The UK's Hungry Gap (before spring plantings are ready to harvest) has ended, and the new season's colourful crops have arrived.

Bounty returns to British fields

Our reliance on Spanish imports (or, for really committed locavores, veg deprivation) during the UK’s Hungry Gap is over.

Summer is upon us, bringing an abundance and variety of veg that grows with every passing week. We picked our first tomatoes, raspberries, and peas last week, and the first plantings of courgettes, broad beans, lettuce, salad leaves, and cucumbers are already in full flush. Our reliance on Spanish imports (or, for really committed locavores, veg deprivation) during the UK’s Hungry Gap is over.
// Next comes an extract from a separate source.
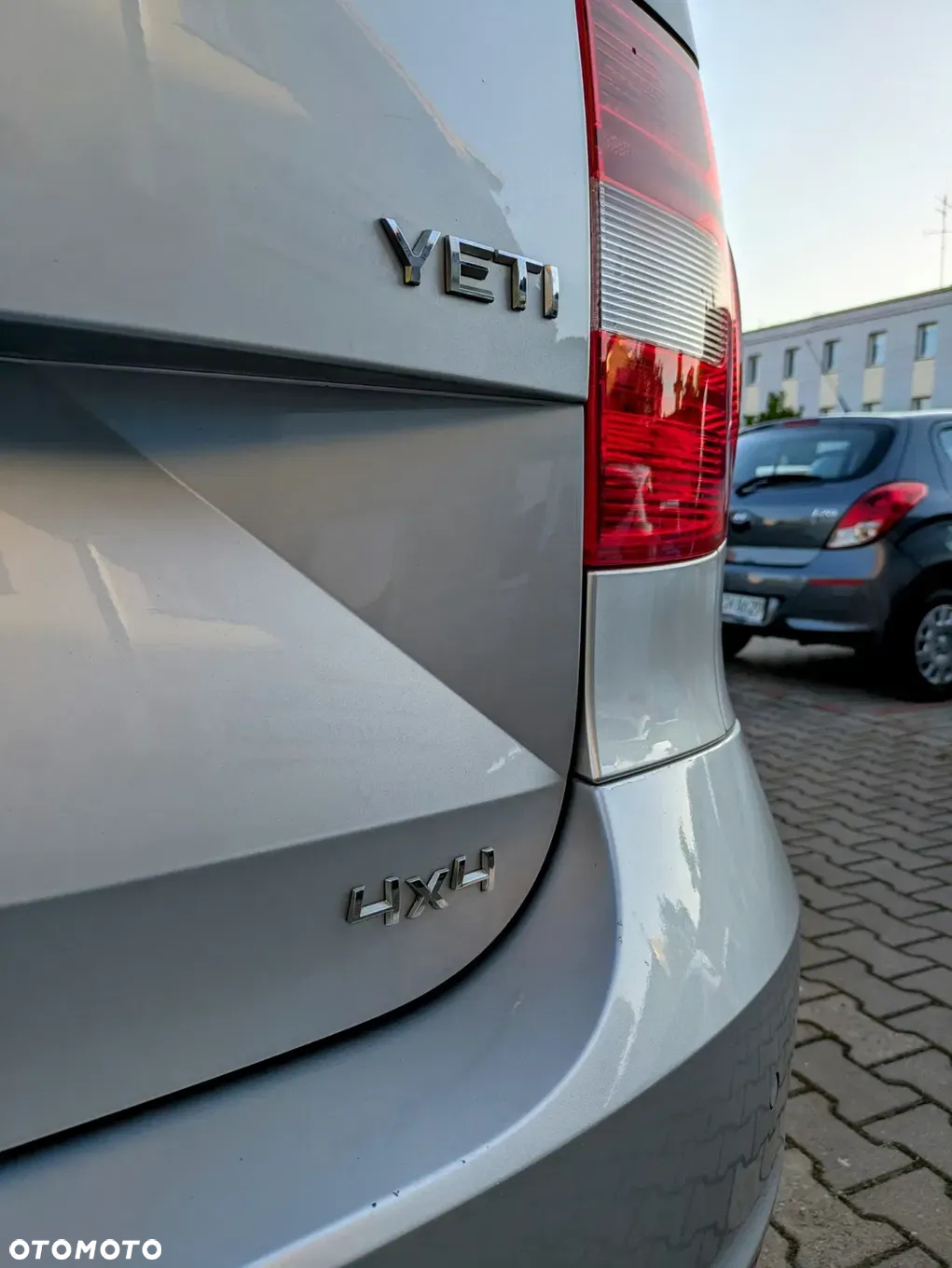 Skoda Yeti 2.0 TDI DPF 4x4 Edition DSG - 10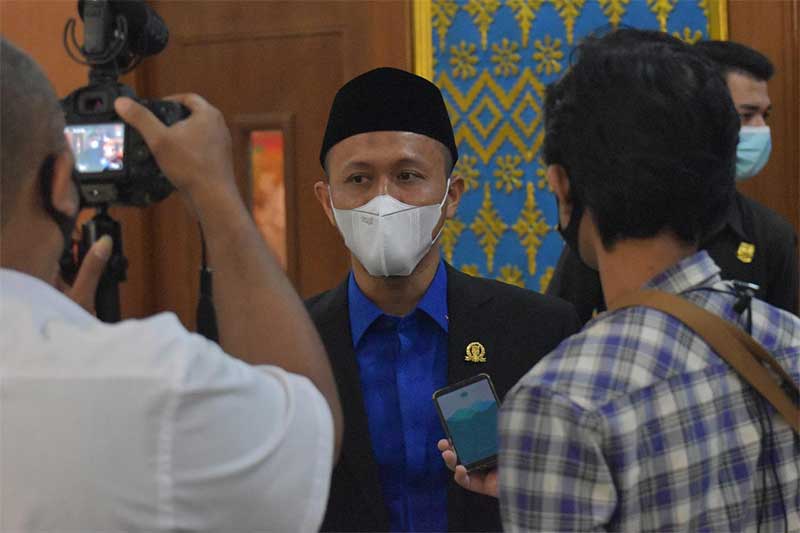 Wakil Ketua DPRD Riau : Walikota Harus Terlibat Langsung Urusi Persoalan Sampah Wakil Ketua DPRD Riau : Walikota Harus Terlibat Langsung Urusi Persoalan Sampahi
The next four months are the year’s best in our fields, making this the time to give Riverford’s 100 per cent UK veg boxes a try. Pragmatists can switch back to another box when winter comes. It’s gratifying to see sales of our 100 per cent UK boxes growing with every year, as more and more of our customers demonstrate their commitment to local, seasonal food; a value so often voiced elsewhere, and so rarely acted upon.
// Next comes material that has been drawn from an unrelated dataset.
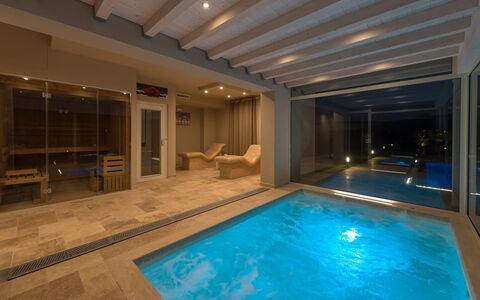 Villa Monsummano: Interior Design, Schwimmbad, Flooring, Beleuchtung, Fussboden, Resort, Möbel, Badewanne, Decke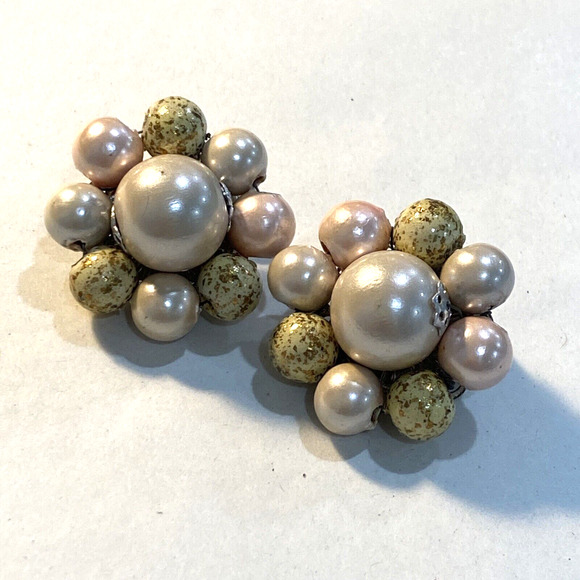 Vintage clip on earrings pink white pearl finish & gold confetti bead clusters - Picture 1 of 4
A month of sunny weather has allowed most crops to catch up after the cold spring, which now seems a distant memory. The heat-loving squash, pumpkins and sweetcorn are moving up a gear; after one final weeding, they will be able to shade out competing weeds. On our farm in the French Vendée, we are picking Padron peppers and aubergines, and sweetcorn is growing so fast you can almost hear it creak. Having flowered and pollinated in good conditions last month, we should be picking ripe cobs in the next couple of weeks, ready for summer BBQs.

With reservoirs dropping, and planting of winter crops beginning, there are lots of nervous growers praying for a break in the hot weather. The oldest and cheapest way to conserve moisture is to plough early while the soil is at ‘field capacity’, i.e. holding as much moisture as it can. If the surface is worked into a fine seedbed, this prevents evaporation and conserves moisture until a crop is planted.

But this age-old practice comes with a risk: without leaves to cushion the rain, and roots to hold the earth, the soil is vulnerable to thunderstorms. These can cause catastrophic soil loss, especially on our steep slopes. We do our best to reduce the risk by planting buffer strips of vegetation around fields, which trap soil, and planting agroforestry trees in high-risk areas. But with climate change affecting rainfall, we must question whether even this is enough.

If only we had more perennial crops, which grow back repeatedly from the same root system, we wouldn’t need to plough every year, and our soil would be safe. For now, hopefully the heavens will open (gently) soon.